Supplied material:
----------------------------------------

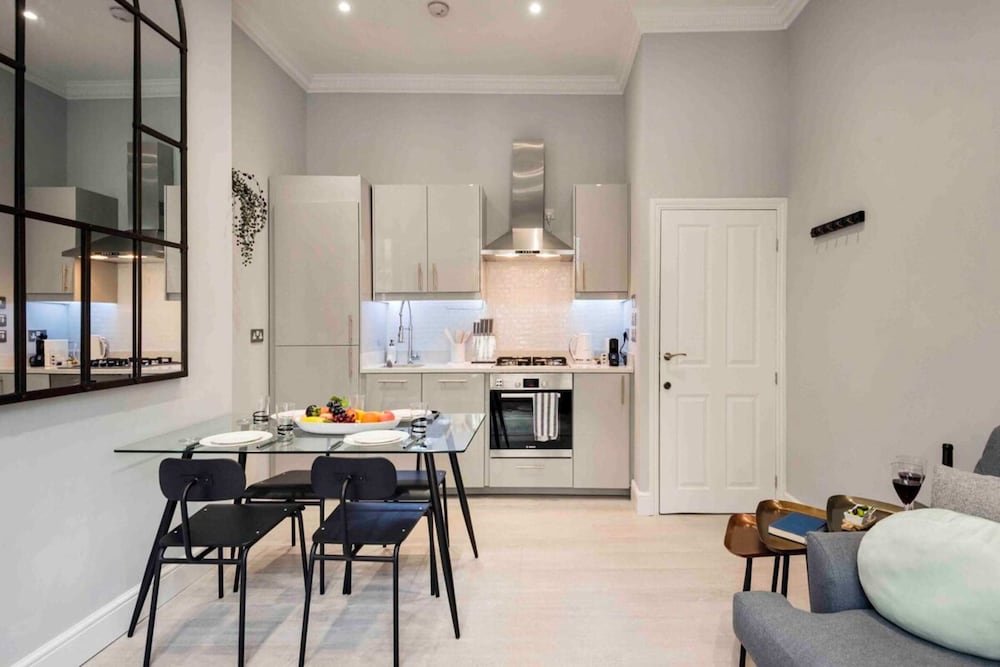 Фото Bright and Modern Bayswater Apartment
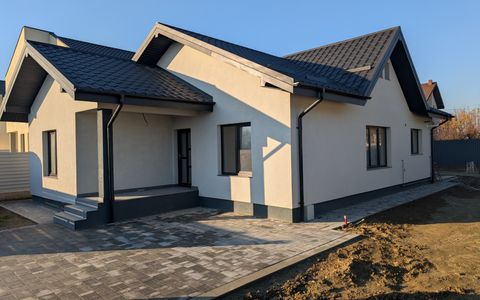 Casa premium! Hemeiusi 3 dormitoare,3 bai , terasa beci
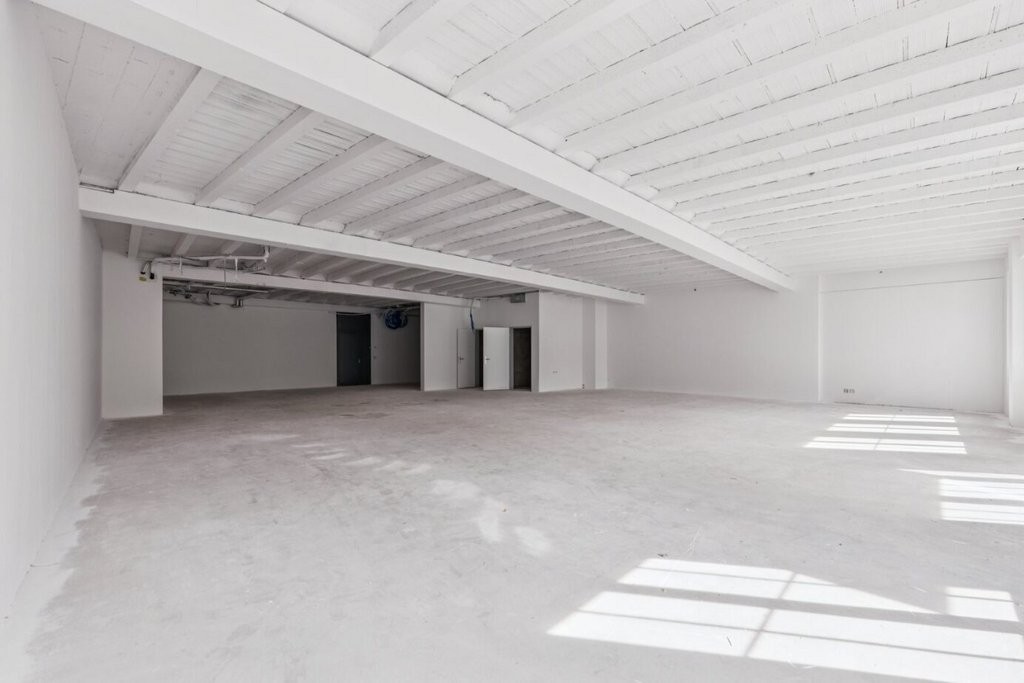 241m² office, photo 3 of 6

----------------------------------------

Problem requirements: Retype the data above as given, letting no picture into the copy.

Written response:
 Фото Bright and Modern Bayswater Apartment
 Casa premium! Hemeiusi 3 dormitoare,3 bai , terasa beci
 241m² office, photo 3 of 6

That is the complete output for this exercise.